Re: Tokenizing problem with numbers in query

2010-01-07 Thread Bernd Brod
Hi,


  Did you re-start tomcat and re-index your collection?

Yes


 Do you want to search inside alpanumeric strings? Or you are interested
 only prefix queries. Can you give us more examples like target documents and
 queries.


Searching inside would be required, yes. If the above example would work I
would already be glad.

Bernd


Re: Tokenizing problem with numbers in query

2010-01-05 Thread Bernd Brod
Thanks to both of you for the quick answers,

analysis.jsp shows that the WordDelimiterFilterFactory is performing the
split

I was experimenting around with the delimiters for the last two days but am
still unable to obtain the desired result.

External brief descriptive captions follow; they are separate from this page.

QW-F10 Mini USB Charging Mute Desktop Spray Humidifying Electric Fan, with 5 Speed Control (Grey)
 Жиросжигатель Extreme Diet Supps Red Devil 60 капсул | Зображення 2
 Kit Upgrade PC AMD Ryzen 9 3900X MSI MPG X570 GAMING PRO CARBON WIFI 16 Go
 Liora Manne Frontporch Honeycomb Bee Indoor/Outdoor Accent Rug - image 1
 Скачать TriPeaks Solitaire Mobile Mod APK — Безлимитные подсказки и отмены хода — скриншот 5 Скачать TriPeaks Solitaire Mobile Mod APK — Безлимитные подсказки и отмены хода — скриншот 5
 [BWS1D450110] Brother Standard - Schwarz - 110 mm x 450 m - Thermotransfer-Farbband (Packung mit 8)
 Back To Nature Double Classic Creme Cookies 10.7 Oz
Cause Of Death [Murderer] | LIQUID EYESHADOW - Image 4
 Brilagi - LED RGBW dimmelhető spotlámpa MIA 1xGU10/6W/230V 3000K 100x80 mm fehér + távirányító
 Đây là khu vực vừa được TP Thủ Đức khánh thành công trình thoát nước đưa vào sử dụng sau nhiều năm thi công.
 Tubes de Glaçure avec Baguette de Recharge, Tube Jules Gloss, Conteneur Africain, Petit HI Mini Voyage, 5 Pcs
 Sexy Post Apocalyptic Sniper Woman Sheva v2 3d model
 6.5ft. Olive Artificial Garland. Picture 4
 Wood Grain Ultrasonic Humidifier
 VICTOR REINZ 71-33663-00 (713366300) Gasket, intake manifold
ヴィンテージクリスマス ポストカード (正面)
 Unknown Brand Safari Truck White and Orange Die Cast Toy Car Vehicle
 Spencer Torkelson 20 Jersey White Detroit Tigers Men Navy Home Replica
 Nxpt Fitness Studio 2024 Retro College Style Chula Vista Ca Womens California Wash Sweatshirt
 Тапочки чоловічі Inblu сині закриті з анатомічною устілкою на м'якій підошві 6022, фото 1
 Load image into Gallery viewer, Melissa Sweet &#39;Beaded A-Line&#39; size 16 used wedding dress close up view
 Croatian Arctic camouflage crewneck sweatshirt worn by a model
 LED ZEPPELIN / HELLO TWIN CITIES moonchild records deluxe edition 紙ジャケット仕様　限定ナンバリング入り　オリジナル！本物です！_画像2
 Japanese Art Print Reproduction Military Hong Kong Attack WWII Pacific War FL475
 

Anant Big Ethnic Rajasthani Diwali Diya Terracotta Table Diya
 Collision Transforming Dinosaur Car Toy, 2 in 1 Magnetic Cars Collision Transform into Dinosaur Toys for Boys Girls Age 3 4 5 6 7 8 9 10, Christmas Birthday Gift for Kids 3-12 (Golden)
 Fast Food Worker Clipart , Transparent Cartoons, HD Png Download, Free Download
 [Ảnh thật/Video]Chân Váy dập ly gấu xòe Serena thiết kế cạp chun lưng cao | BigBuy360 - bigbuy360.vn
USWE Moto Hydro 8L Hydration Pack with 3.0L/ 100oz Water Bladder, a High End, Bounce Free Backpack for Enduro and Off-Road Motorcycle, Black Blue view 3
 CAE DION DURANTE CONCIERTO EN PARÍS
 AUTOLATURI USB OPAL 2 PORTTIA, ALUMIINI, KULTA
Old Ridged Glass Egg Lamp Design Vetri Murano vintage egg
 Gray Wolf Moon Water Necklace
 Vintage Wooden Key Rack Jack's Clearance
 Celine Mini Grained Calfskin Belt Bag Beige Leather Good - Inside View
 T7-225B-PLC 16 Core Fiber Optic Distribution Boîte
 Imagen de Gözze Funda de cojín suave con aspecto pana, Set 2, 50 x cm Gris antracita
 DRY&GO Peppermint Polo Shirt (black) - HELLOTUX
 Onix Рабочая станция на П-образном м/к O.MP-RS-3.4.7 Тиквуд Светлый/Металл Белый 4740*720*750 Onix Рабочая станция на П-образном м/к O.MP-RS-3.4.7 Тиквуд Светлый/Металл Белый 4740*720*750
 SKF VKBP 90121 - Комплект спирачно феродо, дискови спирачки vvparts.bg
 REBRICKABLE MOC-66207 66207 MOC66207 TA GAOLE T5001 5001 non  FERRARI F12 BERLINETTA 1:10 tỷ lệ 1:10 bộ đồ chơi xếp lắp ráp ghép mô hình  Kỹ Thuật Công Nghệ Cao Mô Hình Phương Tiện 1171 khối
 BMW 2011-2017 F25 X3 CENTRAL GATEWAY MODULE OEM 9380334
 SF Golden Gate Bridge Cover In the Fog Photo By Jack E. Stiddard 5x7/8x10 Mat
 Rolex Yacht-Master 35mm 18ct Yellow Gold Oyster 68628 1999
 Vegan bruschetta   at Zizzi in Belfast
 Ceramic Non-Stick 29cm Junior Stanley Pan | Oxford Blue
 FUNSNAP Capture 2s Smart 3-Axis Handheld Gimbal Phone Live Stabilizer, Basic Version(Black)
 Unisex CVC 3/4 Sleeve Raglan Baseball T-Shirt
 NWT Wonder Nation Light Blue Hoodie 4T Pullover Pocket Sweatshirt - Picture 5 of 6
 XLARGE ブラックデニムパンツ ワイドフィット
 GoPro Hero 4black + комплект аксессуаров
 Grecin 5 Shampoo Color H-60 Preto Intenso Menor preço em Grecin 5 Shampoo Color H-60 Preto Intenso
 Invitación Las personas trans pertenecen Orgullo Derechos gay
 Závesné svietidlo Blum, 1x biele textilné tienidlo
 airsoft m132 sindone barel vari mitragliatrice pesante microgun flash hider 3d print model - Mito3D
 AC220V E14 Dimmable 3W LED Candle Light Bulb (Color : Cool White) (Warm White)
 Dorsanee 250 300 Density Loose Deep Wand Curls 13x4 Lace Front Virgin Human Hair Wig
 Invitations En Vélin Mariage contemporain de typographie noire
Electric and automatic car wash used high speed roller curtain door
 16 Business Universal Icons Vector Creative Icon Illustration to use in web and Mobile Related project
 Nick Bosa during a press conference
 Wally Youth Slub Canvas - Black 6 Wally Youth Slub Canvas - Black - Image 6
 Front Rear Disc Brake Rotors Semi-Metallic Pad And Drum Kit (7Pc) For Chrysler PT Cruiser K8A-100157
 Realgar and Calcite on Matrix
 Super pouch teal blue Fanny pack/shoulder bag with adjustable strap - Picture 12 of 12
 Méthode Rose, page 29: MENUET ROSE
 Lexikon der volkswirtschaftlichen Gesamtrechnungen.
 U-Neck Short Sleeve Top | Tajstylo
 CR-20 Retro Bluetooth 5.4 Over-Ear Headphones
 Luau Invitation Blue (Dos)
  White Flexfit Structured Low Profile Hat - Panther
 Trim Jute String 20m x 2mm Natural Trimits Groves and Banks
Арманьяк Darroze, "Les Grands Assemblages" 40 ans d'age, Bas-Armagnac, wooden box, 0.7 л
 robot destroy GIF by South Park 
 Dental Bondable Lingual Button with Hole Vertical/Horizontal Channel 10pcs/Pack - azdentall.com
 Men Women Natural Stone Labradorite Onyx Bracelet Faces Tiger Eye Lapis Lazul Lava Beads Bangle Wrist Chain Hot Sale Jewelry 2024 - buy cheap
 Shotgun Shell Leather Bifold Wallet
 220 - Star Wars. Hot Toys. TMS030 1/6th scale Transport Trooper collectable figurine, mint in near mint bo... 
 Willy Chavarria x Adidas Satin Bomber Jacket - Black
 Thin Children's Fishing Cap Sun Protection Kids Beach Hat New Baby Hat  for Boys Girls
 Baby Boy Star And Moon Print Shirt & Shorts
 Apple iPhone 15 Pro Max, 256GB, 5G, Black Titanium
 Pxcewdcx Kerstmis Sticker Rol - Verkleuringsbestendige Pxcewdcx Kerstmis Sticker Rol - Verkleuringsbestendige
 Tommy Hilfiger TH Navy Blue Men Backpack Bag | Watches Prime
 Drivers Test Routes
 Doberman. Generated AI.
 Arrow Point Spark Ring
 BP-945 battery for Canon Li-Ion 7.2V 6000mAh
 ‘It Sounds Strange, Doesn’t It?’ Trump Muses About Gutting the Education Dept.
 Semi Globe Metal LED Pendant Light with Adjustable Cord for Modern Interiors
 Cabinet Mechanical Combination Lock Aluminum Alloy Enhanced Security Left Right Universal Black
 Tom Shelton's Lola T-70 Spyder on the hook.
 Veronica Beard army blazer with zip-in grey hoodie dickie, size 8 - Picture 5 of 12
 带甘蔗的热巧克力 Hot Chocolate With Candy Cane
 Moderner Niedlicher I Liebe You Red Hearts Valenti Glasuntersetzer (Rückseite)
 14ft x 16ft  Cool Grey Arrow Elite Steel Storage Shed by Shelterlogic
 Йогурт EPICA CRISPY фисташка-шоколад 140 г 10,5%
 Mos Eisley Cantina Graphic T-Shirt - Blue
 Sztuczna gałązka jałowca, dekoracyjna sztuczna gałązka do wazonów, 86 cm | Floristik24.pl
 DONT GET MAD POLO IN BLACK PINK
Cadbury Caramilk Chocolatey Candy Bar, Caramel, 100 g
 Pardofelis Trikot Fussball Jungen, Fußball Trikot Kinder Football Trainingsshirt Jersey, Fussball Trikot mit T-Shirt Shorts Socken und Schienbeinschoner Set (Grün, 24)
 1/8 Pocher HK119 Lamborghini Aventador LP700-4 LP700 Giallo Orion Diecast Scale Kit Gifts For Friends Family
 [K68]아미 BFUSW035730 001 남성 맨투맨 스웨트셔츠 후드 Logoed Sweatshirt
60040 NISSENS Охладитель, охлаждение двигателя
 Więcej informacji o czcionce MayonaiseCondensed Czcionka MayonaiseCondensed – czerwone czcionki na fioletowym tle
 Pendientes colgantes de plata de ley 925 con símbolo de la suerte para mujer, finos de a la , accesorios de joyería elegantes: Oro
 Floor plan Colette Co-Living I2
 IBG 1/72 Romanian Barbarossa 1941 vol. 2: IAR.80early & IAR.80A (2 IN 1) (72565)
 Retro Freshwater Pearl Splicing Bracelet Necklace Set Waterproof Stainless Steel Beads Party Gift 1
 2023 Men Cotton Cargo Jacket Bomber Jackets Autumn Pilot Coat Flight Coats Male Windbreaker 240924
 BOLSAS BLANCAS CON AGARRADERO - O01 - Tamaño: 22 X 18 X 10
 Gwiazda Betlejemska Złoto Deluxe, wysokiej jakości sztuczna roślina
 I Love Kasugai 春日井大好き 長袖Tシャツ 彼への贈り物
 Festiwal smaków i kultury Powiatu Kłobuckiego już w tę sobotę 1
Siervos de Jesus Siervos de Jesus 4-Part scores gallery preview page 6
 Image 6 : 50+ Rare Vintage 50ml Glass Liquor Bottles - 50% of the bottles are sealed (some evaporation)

I tried entirely kicking solr.WordDelimiterFilterFactory from both query
and text resulting in effictively crippling the search, I got nearly no
results for anything.  Removing it only from query also would not show up
the target document.


The target document looks like this:

bla /asdf5qwertz500ddd


Searching for /asdf5qwertz (also with tailing wildcard, with or without
the leading slash) wont show up the document. It also wont get highlighted
in the analysis.jsp

I tried setting splitOnNumerics to 0 (no change) as well as changing
generateNumberParts to 0 - the query is still being split at the number.

Any suggestions?

Bernd



On Sun, Jan 3, 2010 at 6:27 PM, Erick Erickson erickerick...@gmail.comwrote:

 This is an *extremely* useful page for figuring out what various
 tokenizers/filters are doing. The javadocs for the classes
 referenced can also provide some additional details

 http://wiki.apache.org/solr/AnalyzersTokenizersTokenFilters

 Erick

 On Sun, Jan 3, 2010 at 11:26 AM, Bernd Brod bernd.b...@gmail.com wrote:

  Hello,
 
  when searching for a string: asdf5qwerty solr will tokenize it to:
  asdf, 5, qwerty and display documents matching either string.
 
  How can i stop this behaviour and make it just search for plain
  asdf5qwerty?
 
  thanks in advance.
  Bernd
 



Re: Tokenizing problem with numbers in query

2010-01-05 Thread Bernd Brod
Hi,

On Tue, Jan 5, 2010 at 5:17 PM, Erick Erickson erickerick...@gmail.comwrote:

 We need to back up, this is looking like an XY problem. That is,
 you're asking for specifics when what would probably be more
 helpful is for you to describe *what* the problem you're trying
 to solve is rather than *how* to make a specific behavior
 happen. Although re-reading your original e-mail does give a
 clue G

 If, for instance, you really really want the string indexed and searched
 literally (if, for instance, it's a part number), you want to use something
 like WhitespaceTokenizerFactory, perhaps lowercasing too, rather
 than fiddle around with KeywordTokenizerFactory. If you want some
 other behavior, please explain it in more detail G...


I am indexing files that also include traffic captures (so there can be
pretty much anything inside). When looking for a long alphanumeric string I
would have expected to have fewer results than when searching with a short
one. But through of all the tokenizing it returns more (useless) results.
This is very disappointing because i could find these documents with grep
easily. Whats even more disappointing: disabling the
WordDelimiterFilterFactory (for query and/or text) will just result in 0
hits on my document. Im not quite sure what to do.

Ideally I would like to be able to search for strings as a1a1a1a1a1a1a1 that
would not match against single a and / or 1.

Bernd


Tokenizing problem with numbers in query

2010-01-03 Thread Bernd Brod
Hello,

when searching for a string: asdf5qwerty solr will tokenize it to:
asdf, 5, qwerty and display documents matching either string.

How can i stop this behaviour and make it just search for plain
asdf5qwerty?

thanks in advance.
Bernd